Lee Ranaldo, former guitarist of Sonic Youth, put on a captivating performance at Union Sound Hall in Winnipeg.
The Union Sound Hall was transformed into a mad scientist laboratory mixing up a concoction of atonal sounds and experimental music, on the evening of January 27, 2014. That’s when Lee Ranaldo, former guitarist of Sonic Youth, was in town playing with local avant garde musicians Greg Hanec, Rob Menard, Kelly Castle, and Steve Pennicook.
Sonic Youth was very popular in the New York underground experimental scene in the early eighties. Known for their feed-back-fueled left-field improvisations and alternative tunings (partly due to the fact that they started out playing very cheap guitars), Sonic Youth were influenced by such bands as Patti Smith, Wire, Public Image Limited, The Stooges, Minor Threat, John Cage, Henry Cowell, Glenn Branca, Brigitte Fontaine and The Fall.
They did covers of the Kinks (Victoria) and The Carpenters (Superstar on tribute album ‘If I Were a Carpenter’).
Animated on ‘The Simpson’s’ for the Homerpalooza episode in 1996, it was the first time outside musicians performed the theme song for the end credits.
Rolling Stone magazine ranked Ranaldo #33 on it’s greatest guitarists of all-time list in 2004. In 2005, their 1988 double album, Daydream Nation, was one of fifty albums added to the National Recording Registry.
The band disbanded after 30 years together due to the breakup of Thurston Moore and Kim Gordon, when Lee announced on Nov. 28, 2011 that Sonic Youth “are ending for a while.”
Since Sonic Youth, Lee has kept busy as a musician, poet and artist (sometimes collaborating with his wife).
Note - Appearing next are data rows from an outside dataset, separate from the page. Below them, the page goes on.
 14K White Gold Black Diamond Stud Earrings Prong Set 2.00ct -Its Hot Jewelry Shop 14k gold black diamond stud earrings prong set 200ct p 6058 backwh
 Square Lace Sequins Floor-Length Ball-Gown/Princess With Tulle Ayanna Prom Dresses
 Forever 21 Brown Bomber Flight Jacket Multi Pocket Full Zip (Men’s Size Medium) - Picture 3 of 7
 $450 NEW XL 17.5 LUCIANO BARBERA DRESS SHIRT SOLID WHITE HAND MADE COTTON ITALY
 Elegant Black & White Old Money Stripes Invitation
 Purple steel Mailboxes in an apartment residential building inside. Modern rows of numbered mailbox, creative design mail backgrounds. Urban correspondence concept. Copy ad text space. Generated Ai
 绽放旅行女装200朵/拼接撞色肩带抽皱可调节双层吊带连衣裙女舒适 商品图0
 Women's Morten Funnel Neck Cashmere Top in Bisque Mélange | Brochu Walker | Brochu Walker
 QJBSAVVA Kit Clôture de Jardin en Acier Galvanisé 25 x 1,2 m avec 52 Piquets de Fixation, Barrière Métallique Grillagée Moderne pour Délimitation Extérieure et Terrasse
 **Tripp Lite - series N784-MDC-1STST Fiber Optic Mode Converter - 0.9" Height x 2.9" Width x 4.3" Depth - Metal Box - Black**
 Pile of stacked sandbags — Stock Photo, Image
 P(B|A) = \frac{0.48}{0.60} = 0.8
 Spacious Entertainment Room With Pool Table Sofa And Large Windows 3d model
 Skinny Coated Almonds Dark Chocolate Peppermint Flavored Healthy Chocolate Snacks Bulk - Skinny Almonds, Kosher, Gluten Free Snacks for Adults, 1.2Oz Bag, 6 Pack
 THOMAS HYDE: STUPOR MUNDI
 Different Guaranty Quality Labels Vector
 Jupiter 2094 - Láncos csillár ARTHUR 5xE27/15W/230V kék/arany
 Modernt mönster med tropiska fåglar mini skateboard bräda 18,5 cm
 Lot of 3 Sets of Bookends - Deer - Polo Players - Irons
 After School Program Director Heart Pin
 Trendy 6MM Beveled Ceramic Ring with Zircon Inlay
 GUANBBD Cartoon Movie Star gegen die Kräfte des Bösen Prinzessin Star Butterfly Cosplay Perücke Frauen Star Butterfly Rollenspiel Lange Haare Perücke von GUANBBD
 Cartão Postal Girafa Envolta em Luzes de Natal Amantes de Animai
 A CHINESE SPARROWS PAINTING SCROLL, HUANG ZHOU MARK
His latest project is with the band The Dust with Steve Shelley (SY drummer 1985-2011), Alan Licht, and Tim Luntzel. They released an album, ‘Last Night on Earth’ last year. Lee, his wife and children make frequent visits to Winnipeg to visit her family here.
With some beautiful images (courtesy of Lee’s wife, former Winnipegger, experimental artist Leah Singer) on a large video screen, Lee entered the packed room clutching his feeding back distorted guitar and created a semicircle at the front of the audience around the playing area. He then proceeded to suspend the guitar from a rope hanging from the ceiling. He started banging on the guitar with a drum stick and playing it with a violin bow. At this point he started spinning it around in a 12 foot radius just inches away from the faces of eager fans.

The performance included the projection of images created by Ranaldo’s wife and former Winnipegger, Leah Singer.
Things got a little more strange when Greg Hanec entered the room scraping pot lids across the floor. Lee would hit the guitar as it swung around and elicit wailing sounds out of it. Then Kelly and Steve started in on their percussion and cymbals on the left side of the room.
On the right side of the room, Rob Menard, hidden amidst the crowd, joined the melee on guitar, making sounds reminiscent of his former experimental band Absent Sound. Once in a while a large bass drum near Rob would boom.
As the guitar kept swinging, Lee and Greg kept themselves busy making sounds with an assortment of cans, bells and other items. Some of the audience members, seated on the floor in the front joined in by keeping time banging their bottles and glasses on the floor.
With his collection of foot pedals and f/x units in the centre of the stage area, Lee would grab the guitar once in a while off the rope and scrape the end of the neck across the floor like it was a divining rod searching for the holy note. Then, that large bass drum boomed again, like a big heartbeat.
Lee and Greg had a violin bow duel at one point with Lee bowing his guitar and Greg bowing a pot lid. Once in a while some bizarre pre-recorded sounds were played through the speakers. Throughout the set there was a sense of chaos, but controlled chaos nonetheless. It was almost like some sort of strange ritual was happening. In fact at one point, one audience member jumped in and finished smashing a can on the floor that Greg had started thrashing. Then he put the can crown on his head while Greg anointed him. It was fifty-five minutes of blissful noise.
The evening started off with Jim Jarmusch (filmmaker) and Phil Kline (both in town as part of the WSO’s New Music Festival where they performed their piece ‘Tesla in New York’ with the Winnipeg Symphony orchestra). The duo created a soundscape soundtrack to some old Thomas Edison black and white films. Two guitars feeding back into each other in stereo with Phil on the left and Jim on the right. What a sight, a truly sonic night!